◆ **TASK**:
Your response to the data below should hold nothing except the lines from the one containing "CLUTCH BAG WITH CHARMS" down to the one containing "cute little baby", reproduced exactly and without pictures.

*** SOURCE MATERIAL

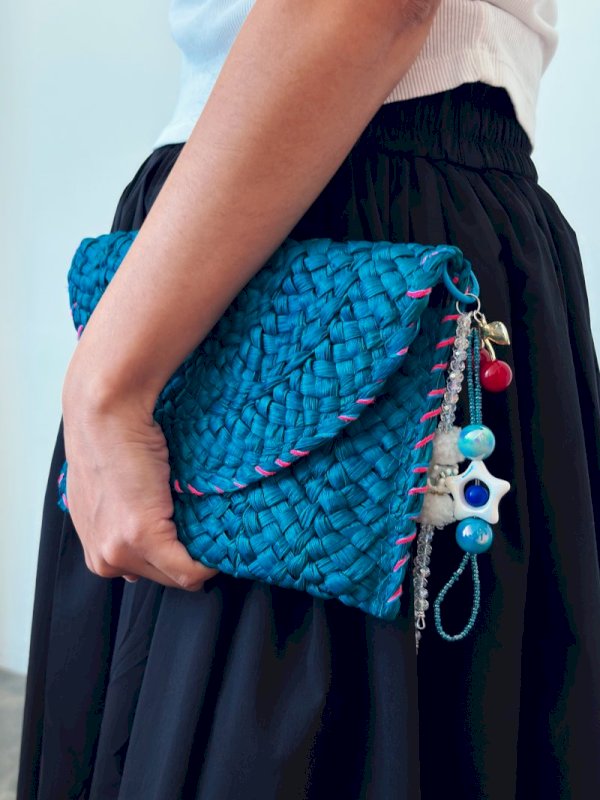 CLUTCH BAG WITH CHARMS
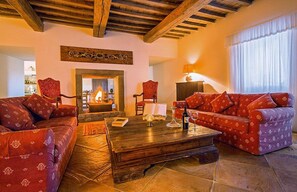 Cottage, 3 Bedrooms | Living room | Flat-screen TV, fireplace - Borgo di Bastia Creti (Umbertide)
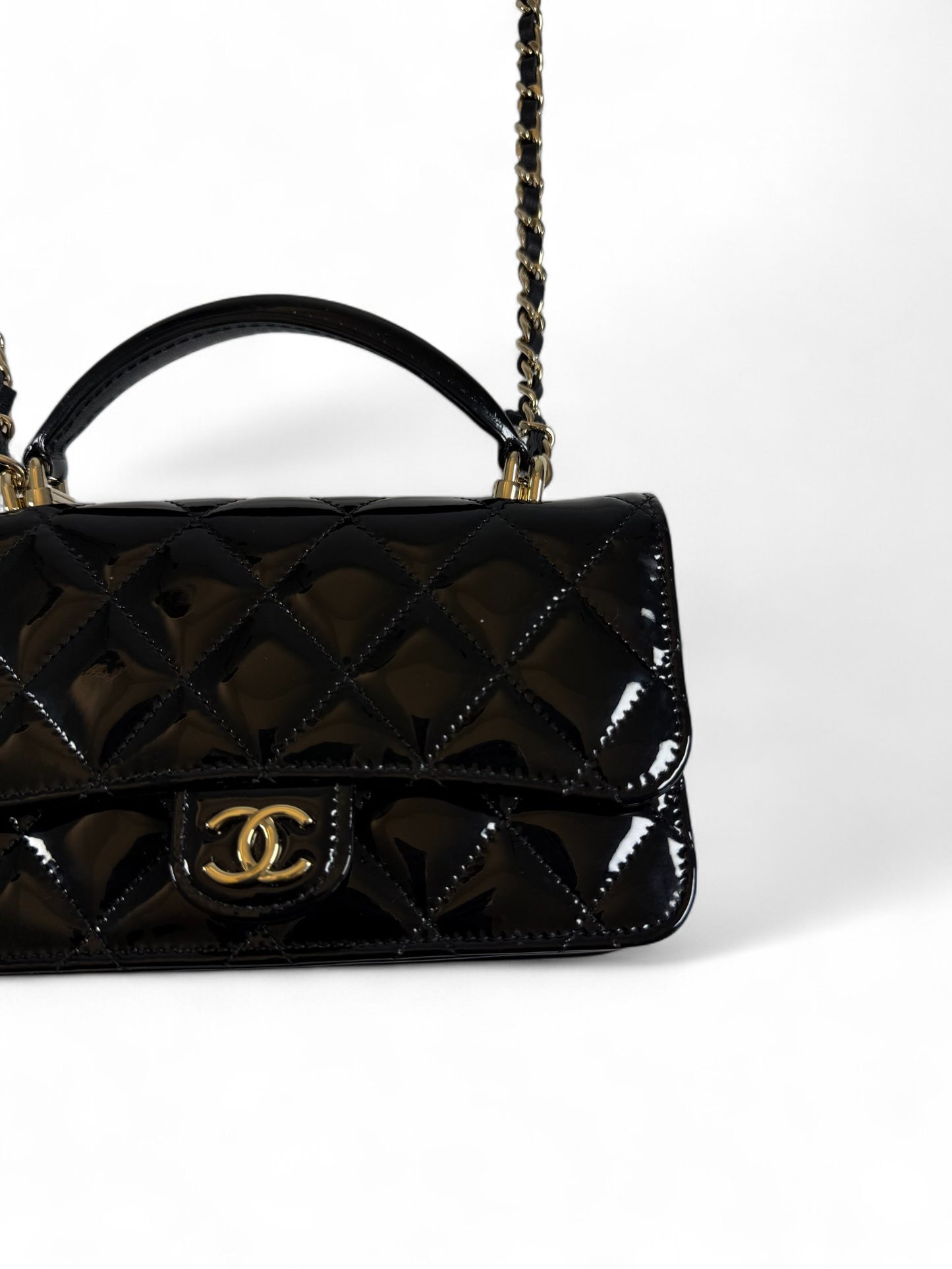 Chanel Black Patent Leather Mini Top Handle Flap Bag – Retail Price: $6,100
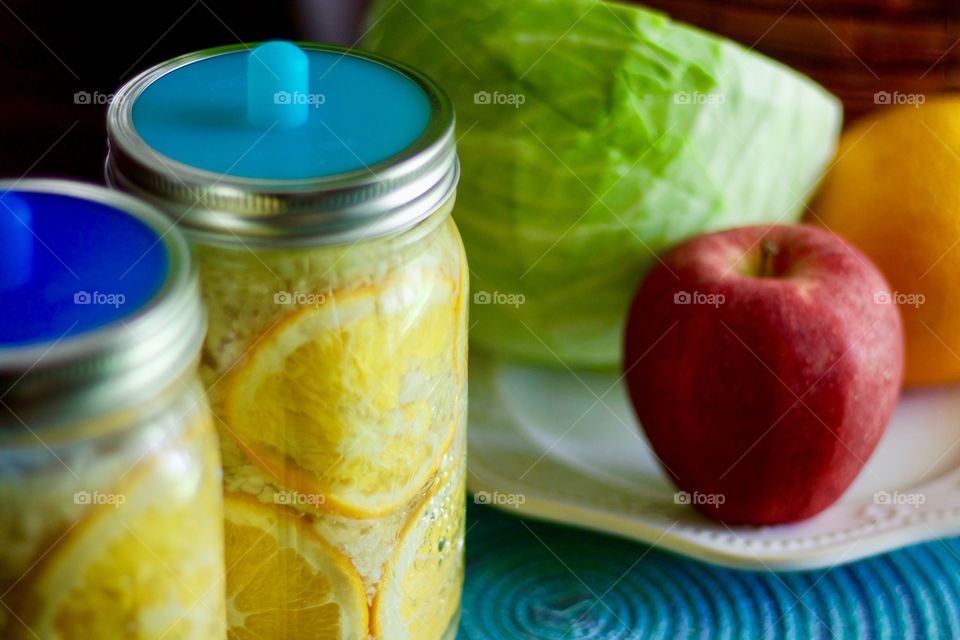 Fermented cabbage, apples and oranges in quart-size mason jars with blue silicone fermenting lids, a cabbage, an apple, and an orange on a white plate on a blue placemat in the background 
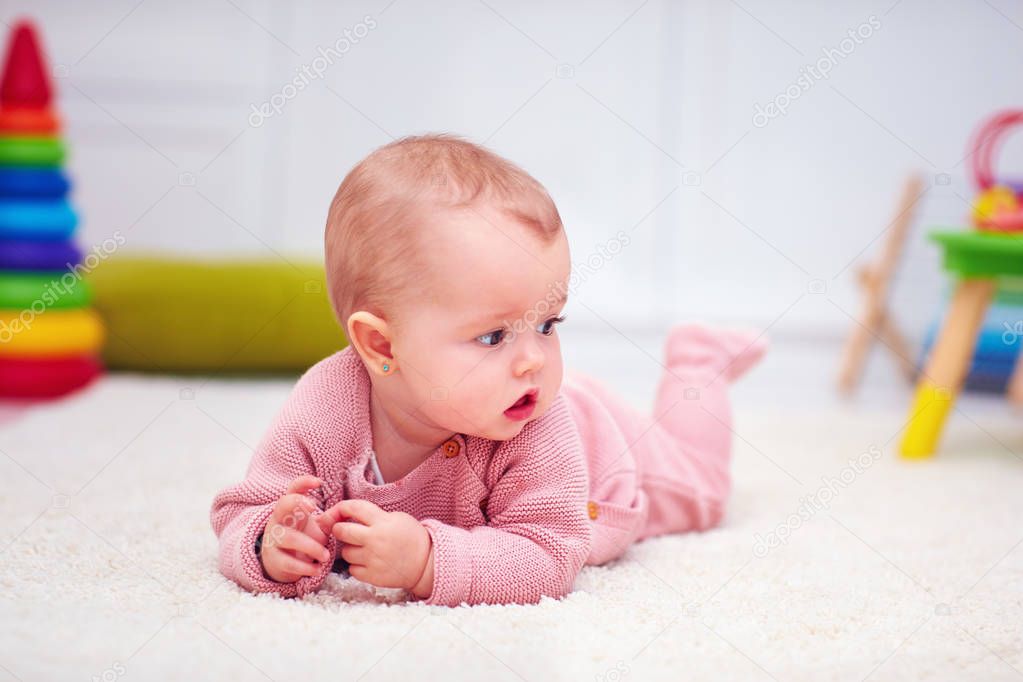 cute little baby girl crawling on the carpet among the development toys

******
*** SOURCE MATERIAL

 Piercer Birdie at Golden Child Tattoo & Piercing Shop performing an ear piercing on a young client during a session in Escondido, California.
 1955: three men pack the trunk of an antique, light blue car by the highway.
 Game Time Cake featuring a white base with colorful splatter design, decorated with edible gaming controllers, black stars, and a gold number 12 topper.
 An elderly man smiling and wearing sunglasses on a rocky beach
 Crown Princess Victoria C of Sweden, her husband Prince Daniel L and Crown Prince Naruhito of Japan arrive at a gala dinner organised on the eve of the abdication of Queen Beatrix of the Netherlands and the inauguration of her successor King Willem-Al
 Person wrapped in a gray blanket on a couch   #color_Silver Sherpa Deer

******
*** SOURCE MATERIAL

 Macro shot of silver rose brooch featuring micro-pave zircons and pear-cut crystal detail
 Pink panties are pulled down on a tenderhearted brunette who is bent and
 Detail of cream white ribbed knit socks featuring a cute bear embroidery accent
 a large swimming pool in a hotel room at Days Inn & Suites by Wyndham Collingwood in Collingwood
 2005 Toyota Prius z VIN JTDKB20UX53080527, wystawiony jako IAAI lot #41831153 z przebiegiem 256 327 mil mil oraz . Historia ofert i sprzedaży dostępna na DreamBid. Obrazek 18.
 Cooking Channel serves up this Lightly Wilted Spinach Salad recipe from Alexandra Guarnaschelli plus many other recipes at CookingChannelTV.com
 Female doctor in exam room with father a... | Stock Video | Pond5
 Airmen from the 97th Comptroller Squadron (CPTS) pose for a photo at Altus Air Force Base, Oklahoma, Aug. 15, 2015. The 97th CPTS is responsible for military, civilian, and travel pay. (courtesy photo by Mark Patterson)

******

◆ **EXERCISE ANSWER**:
 CLUTCH BAG WITH CHARMS
 Cottage, 3 Bedrooms | Living room | Flat-screen TV, fireplace - Borgo di Bastia Creti (Umbertide)
 Chanel Black Patent Leather Mini Top Handle Flap Bag – Retail Price: $6,100
 Fermented cabbage, apples and oranges in quart-size mason jars with blue silicone fermenting lids, a cabbage, an apple, and an orange on a white plate on a blue placemat in the background 
 cute little baby girl crawling on the carpet among the development toys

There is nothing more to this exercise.